Le premier ministre, Benyamin Nétanyahou, a également rejeté toutes les critiques et a exprimé samedi dans un communiqué son soutien à l’armée : « Bravo à nos soldats. » Dimanche, il a aussi dénoncé les « leçons de morale » du président turc, Recep Tayyip Erdogan, qui avait accusé la veille Israël d’avoir commis une « attaque inhumaine ».

« L’armée la plus éthique du monde n’a pas de leçons de morale à recevoir de la part de celui qui bombarde des civils sans discernement depuis des années.»

« Hé, Nétanyahou ! Tu es un occupant ! Et c’est en tant qu’occupant que tu es sur ces terres. En même temps, tu es un terroriste », lui a rétorqué dans la foulée M. Erdogan, lors d’un discours télévisé devant ses partisans à Adana (sud de la Turquie). « Ce que tu fais aux Palestiniens opprimés sera inscrit dans l’histoire et nous ne l’oublierons jamais », a-t-il poursuivi, ajoutant que « le peuple israélien est mal à l’aise avec ce que tu fais ».

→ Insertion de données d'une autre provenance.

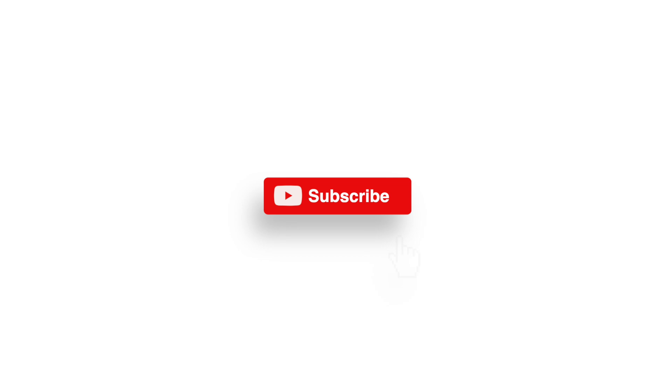Thanks again for watching. We'll see you guys next time.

Usage de balles réelles contre les manifestants

L’usage de balles réelles par l’armée israélienne est au cœur des interrogations de la communauté internationale et des organisations de défense des droits humains. Vendredi a été la journée la plus meurtrière dans la bande de Gaza depuis la guerre de 2014 : seize Palestiniens ont été tués et plus de 1 400 blessés, dont 758 par des tirs à balles réelles, selon le ministère de la santé dans l’enclave.

L’armée israélienne a ouvert le feu sur des manifestants qui s’étaient approchés à quelques centaines de mètres de la clôture ultrasécurisée. Les Palestiniens assurent que les manifestants ne représentaient aucun danger immédiat. Israël a répondu avoir tiré contre ceux qui jetaient des pierres et des cocktails Molotov sur les soldats, ou tentaient d’endommager la clôture et de s’infiltrer en Israël.

Des snipers israéliens se positionnent à la frontière entre la bande de Gaza et Israël, le 31 mars. / ILIA YEFIMOVICH / DPA

Des dizaines de milliers de personnes avaient afflué vers la barrière séparant Israël de la bande de Gaza, au premier jour de « la marche du retour ». Cette protestation, censée durer six semaines, vise à réclamer « le droit au retour » des Palestiniens qui, par centaines de milliers, furent chassés de leurs terres ou durent fuir lors de la guerre ayant suivi la création de l’Etat d’Israël, en 1948.

Le secrétaire général de l’Organisation des Nation unies (ONU), Antonio Guterres, et la haute représentante de l’Union européenne pour les affaires étrangères et la politique de sécurité, Federica Mogherini, ont réclamé une « enquête indépendante » sur l’usage par Israël de balles réelles, une demande rejetée par l’Etat hébreu.

Les Etats-Unis ont en revanche bloqué samedi soir un projet de déclaration du Conseil de sécurité appelant « toutes les parties à la retenue et à prévenir toute escalade supplémentaire » et demandant une enquête sur les affrontements.

Des organisations de défense des droits humains se sont pour leur part interrogées sur la réaction disproportionnée des forces de sécurité israéliennes.

« Quand certains manifestants palestiniens jettent des pierres et d’autres objets vers la barrière, il est difficile de croire qu’il s’agit d’une menace imminente pour la vie de soldats bien équipés, protégés par des tireurs d’élite, des chars d’assaut et des drones », écrit Amnesty international dans un communiqué.

Samedi, des dizaines de milliers de Gazaouis ont pris part aux funérailles des manifestants tués la veille.